Il y a belle lurette que pareille unanimité de la presse qu'elle soit écrite, radiophonique ou télévisuelle, n'avait été possible. Le projet de loi « Pour une sécurité globale », défendu par le ministre de l'intérieur, Gérald Darmanin, l'aura permise et, ce, quelle que soit l'éventuelle orientation politique des médias. Faudrait-il s'en étonner, ce que d'aucuns seront tentés de faire et de n'y voir qu'une manière de corporatisme ? C'est bien plus que cela : la crainte réelle que la liberté d'information soit de plus en plus encadrée, elle qui a traversé bien des épreuves, mais sans jamais que soit remise en question la loi sur la presse de 1881, qui autorise de publier, sans autorisation préalable mais non sans quelques obligations, à commencer par le respect des personnes et la responsabilité juridique du directeur de la publication. Et, tout cela, parce qu'à l'heure des réseaux sociaux les forces de l'ordre sont, seraient, plus exposées lors des manifestations.
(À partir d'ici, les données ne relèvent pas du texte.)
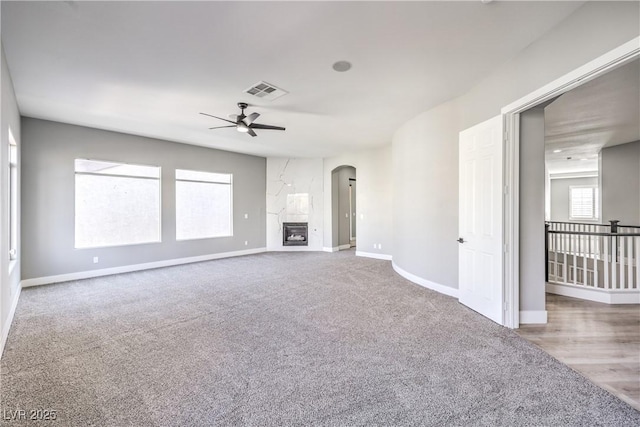 unfurnished living room with arched walkways, visible vents, a fireplace, and baseboards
En question: la « diffusion du visage ou tout autre élément d’identification d’un fonctionnaire de police» si elle a pour « but qu’il soit porté atteinte à son intégrité physique ou psychique ».
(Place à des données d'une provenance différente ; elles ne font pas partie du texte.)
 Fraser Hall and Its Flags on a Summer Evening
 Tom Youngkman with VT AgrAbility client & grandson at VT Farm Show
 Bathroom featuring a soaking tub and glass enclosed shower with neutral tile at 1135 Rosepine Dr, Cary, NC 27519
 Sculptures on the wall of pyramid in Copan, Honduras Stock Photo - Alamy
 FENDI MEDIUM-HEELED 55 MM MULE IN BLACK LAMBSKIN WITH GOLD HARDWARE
Vivement interpellé à l'Assemblée nationale le ministre dont une partie de la majorité, les centristes du Modem notamment, n'ont pas caché leur inquiétude, a semblé vouloir jurer, la main sur le cœur , que les journalistes ne seraient pas empêchés de faire leur travail … Et que ce n'était pas tant leur profession qui était visée que tous les vidéastes qui, depuis le temps de Gilets Jaunes et des débordements de casseurs, ont filmé le travail des policiers, révélant, aussi parfois, des faits de violences policières. Un des responsables du syndicat unité SGP-Police-FO a pu même écrire : « Ce ne sont pas les images prises par les journalistes qui posent problème – ils ne sont d'ailleurs pas concernés puisque la loi vise les publications malveillantes. » On voudrait le croire mais il a suffi d'une simple manifestation pacifique à Paris pour qu'une jeune consoeur soit inutilement bousculée et qu'un confrère soit gardé à vue, une nuit durant, alors qu'il était pourtant parfaitement reconnaissable, via sa carte de presse brandie.

Ce renforcement de l'appareil répressif ne doit pas, ne peut pas qu'interpeller une profession ; il ouvre la porte à de possibles abus et en tout cas ne fait que les légitimer sinon les encourager. La défenseur des Droits, Claire Hédon, le rappelle sans détour : « L’information du public et la publication d’images relatives aux interventions de police sont légitimes et nécessaires au fonctionnement démocratique » Et il n'y a pas lieu d'être fier que le pays de la Déclaration des Droits de l'Homme se voit rappeler, par les rapporteurs de l'ONU, à son obligation de ne pas entraver « le contrôle démocratique des institutions publiques. »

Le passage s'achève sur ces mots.